Conceptual project of a space surveillance and tracking system (SST) : a case study for the ITA space center

The increasing number of Resident Space Objects in Near-Earth Orbits (NEO), especially in Low Earth Orbits, jeopardize the safety of manned operations and increase the probability of damage and degradation of the current installed space infrastructure. The risk of possible collisions in a cascade effect can bring serious economic losses and considerably affects the sustainability of future space missions. Consequently, many companies and agencies are pursuing the capability to achieve and maintain high levels of Space Situational Awareness (SSA) through their own Space Surveillance and Tracking (SST) Systems seeking, especially, for more customization and transparency for data products than traditional commercial solutions available in the market, usually offered as a black-box system. In this context, a Model-Based Systems Engineering (MBSE) framework using ARCADIA Methodology is developed and implemented in this work for a conceptual system involving the available sensors for SST applications at the ITA Space Center. The proposed framework includes an Operational Analysis used to trace the main stakeholder’s needs in a Solution Neutral environment. The issue of monitoring Resident Space Objects (RSO) is structured in regard to actors and how they interact with each other, in order to identify the main interfaces and features to be explored and incorporated in the model in an ontological representation. In the Solution Domain, an analysis of the System Needs and a Logical Architecture will be proposed, describing how the system will work to fulfill the user’s expectations through logical components and integrating non-functional constraints evidenced during the Operational Analysis.

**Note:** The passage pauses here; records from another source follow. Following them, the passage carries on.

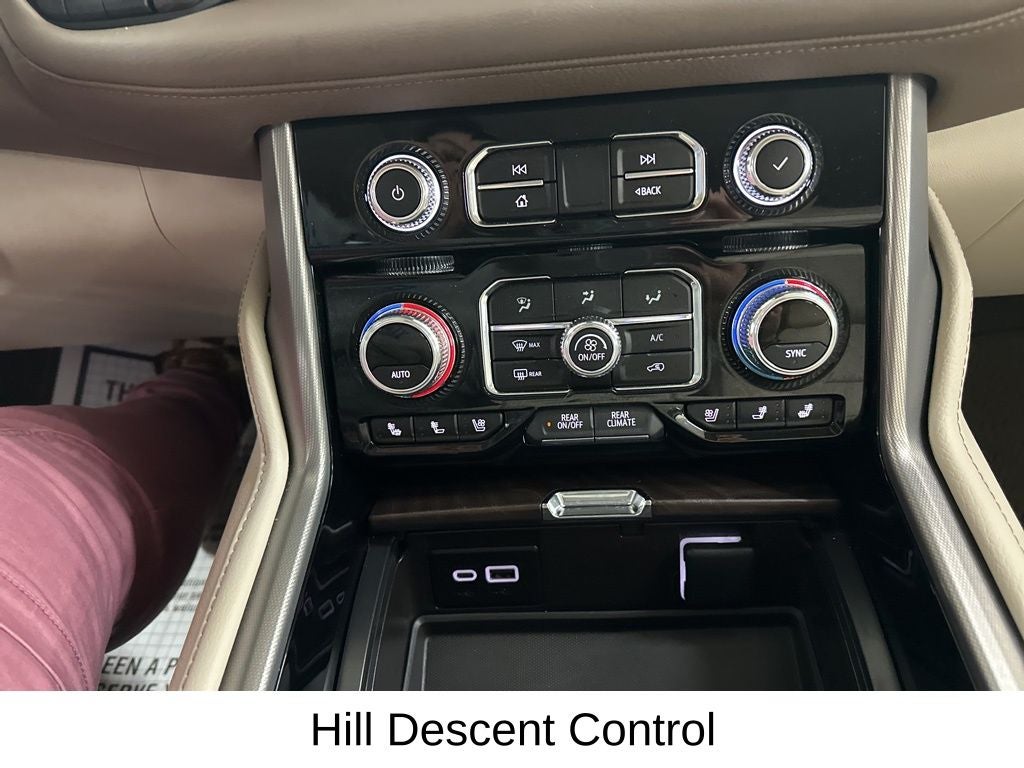 2024 GMC Yukon Denali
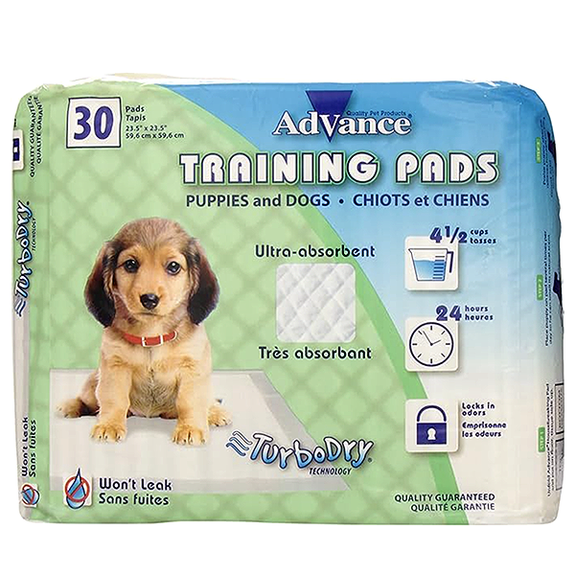 Advance Training Puppy Pads for Dogs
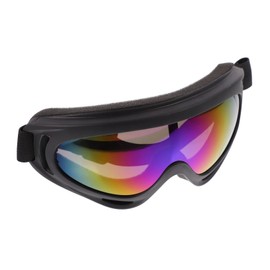 OHPHCALL Boys and Girls Ski Goggles Windproof Glasses Otg Boys and Girls Cycling Sunglasses 1 Pair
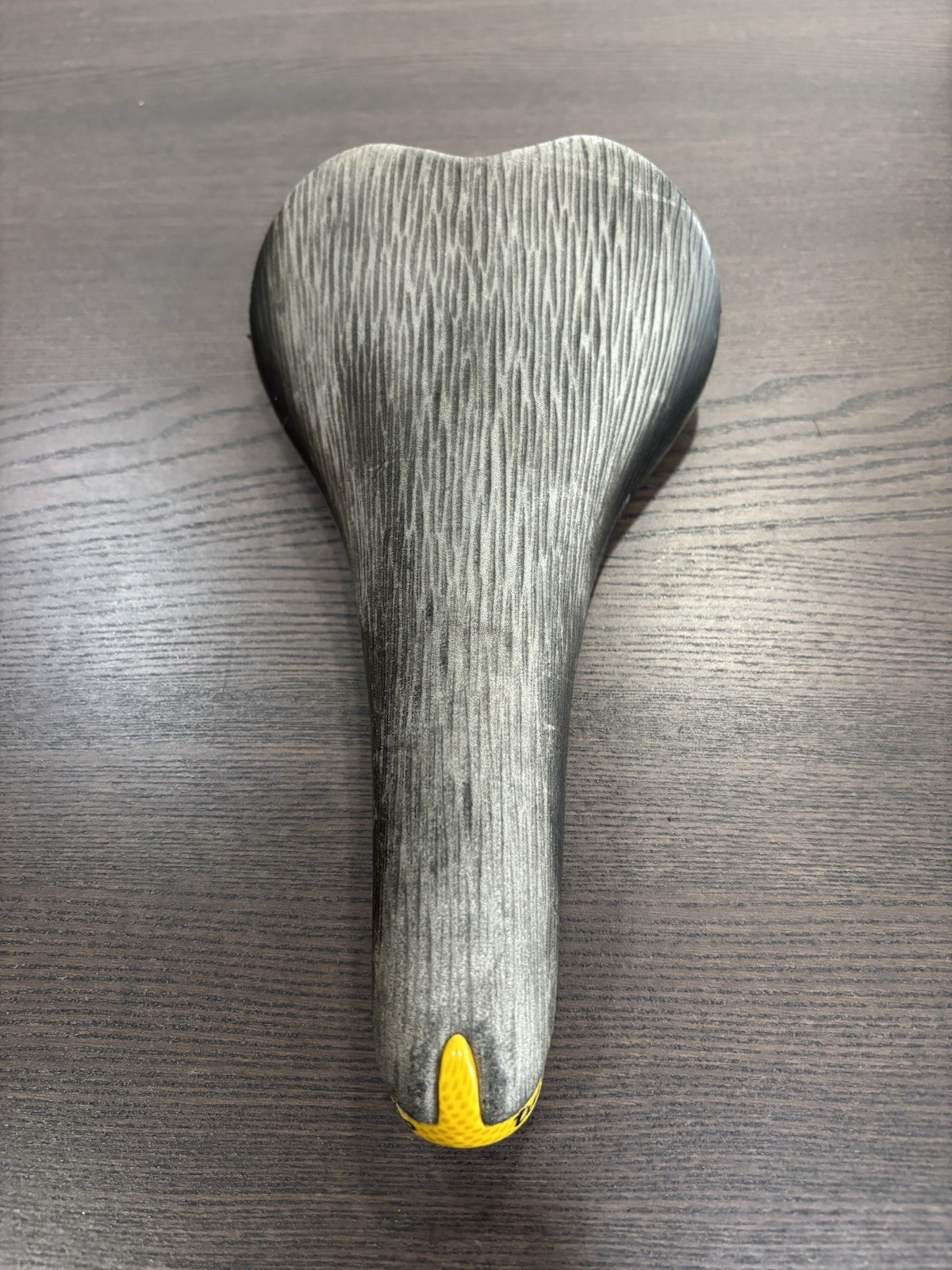 Vintage 90s Selle Italia Turbo Matic 2 Saddle
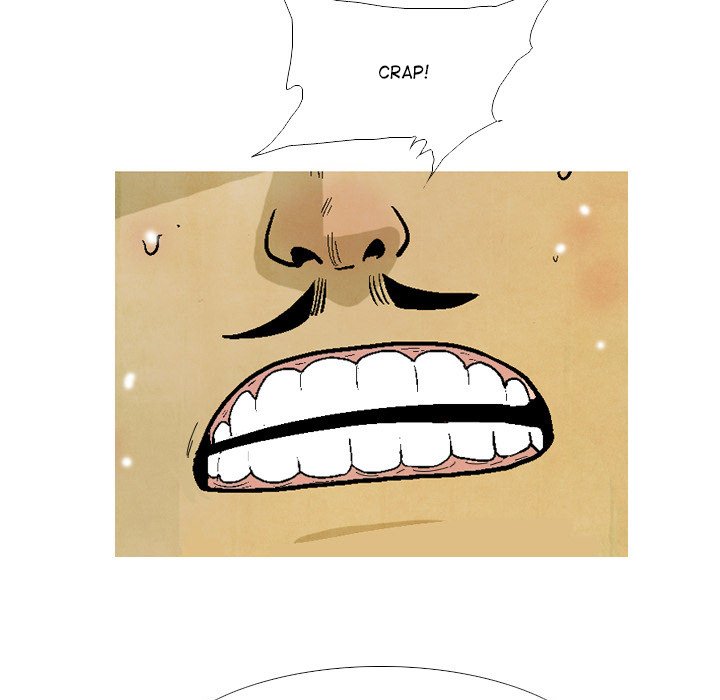 The Sword Clan The Sword Clan EP 40 - Toomics page 23 -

Along this work, some aspects related to several architectural options trades, influenced by available orbit determination algorithms, observation techniques and propagators are also discussed, as well as aspects that go beyond Sensor Management, since the system relies on other sources of information, such previous observations and other collaborative databases where the uncertainty associated with each observation is a very sensitive information and an important parameter to be considered, especially in support for decision making. In the present work, the ARCADIA methodology was implemented in the software Capellatextregistered, an Open-Source software solution released by Thales.